We have a great line-up of speakers for GGI2016, which once again is kindly sponsored by FamilyTreeDNA and organised by volunteers from ISOGG, the International Society of Genetic Genealogy. Below is the final schedule.
This is the fourth year of Genetic Genealogy Ireland. We have 21 speakers and 21 presentations, making this the joint largest genetic genealogy conference in the world (along with WDYTYA in the UK).
This year's theme is:
Remembering 100 Years Ago
And this theme is very much in line with all the 1916 / 2016 activities that have been going on in Ireland all year to mark the centenary of the Easter Rising and the continued Irish involvement in World War One. We are now in a decade of centenaries in Ireland, starting with the Dublin Lockout of 1913 and culminating with the emergence of modern Ireland as a Free State in 1922.
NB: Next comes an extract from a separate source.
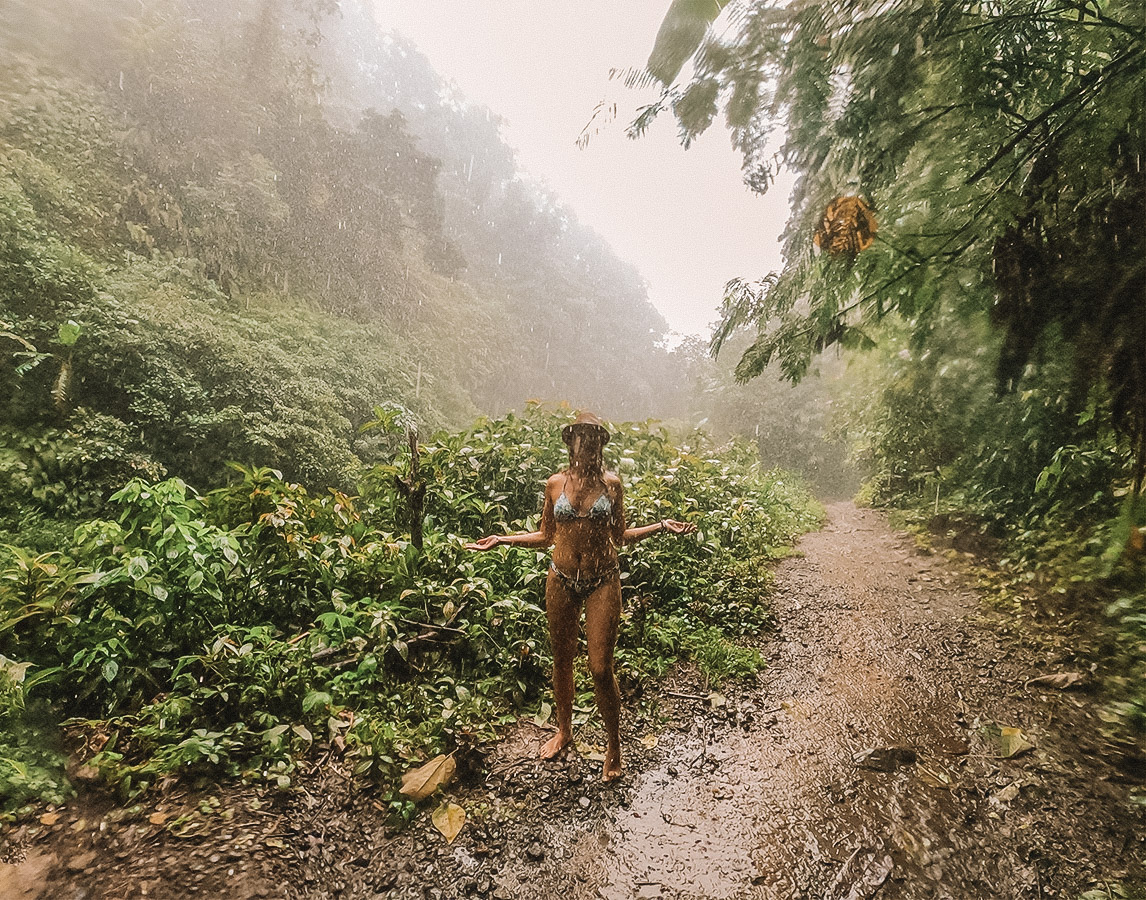 tourist enjoying bali rainy season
Several of the presentations speak directly to the theme. Jens Carlsson from University College Dublin will be talking about the amazing journey he took in helping to identify the remains of Thomas Kent, one of the 1916 rebels who was executed and buried in Cork Prison. Jens will discuss how the techniques he used have revolutionised the field of genetic archeology. Maurice Gleeson will discuss recent cases of how DNA can be used to help in the identification of soldiers who were killed in World War One and whose remains continue to be found on a regular basis in northern France. Many Irish names figure among those that have been identified.
We have a range of talks for beginners (from seasoned professionals Katherine Borges, Linda Magellan, and Michelle Leonard) as well as talks focussing on how to interpret your DNA results and use them to greatest effect (Diahan Southard, Jennifer Zinck, John Cleary, Debbie Kennett). There is a special focus this year on autosomal DNA test results with several tantalising case studies from Paddy Waldron and Diahan Southard (the latter relating to an adoption mystery).
We also have the pleasure of welcoming a host of international speakers. Peter Sjoland from Sweden will be exploring the genetic links between Ireland and Scandinavia. Peter runs the Swedish DNA Project which has over 4000 members and so is one of the largest geographic DNA projects in FamilyTreeDNA's database. Dennis Wright and Dennis O'Brien are coming all the way from Australia and will be discussing the DNA of the Dál gCais, one of Ireland's most influential dynasties. This in turn gave rise to many of today's Irish clans, including the O'Brien's, whose famous ancestors included Brian Boru, High King of Ireland up to the Battle of Clontarf in 1014. Keeping with the theme of the old Gaelic Clans, Maurice Gleeson will be discussing the trials & tribulations of trying to tie in Surname Project DNA results to what is written in the Ancient Irish Genealogies.
There is also an increased focus this year on Y-DNA SNP markers and what the "SNP Tsunami" of recent years is finally beginning to reveal. Robert Casey & John Cleary will be tackling this topic and discussing the promise this area holds for the future of surname studies, human migration studies, and population genetics.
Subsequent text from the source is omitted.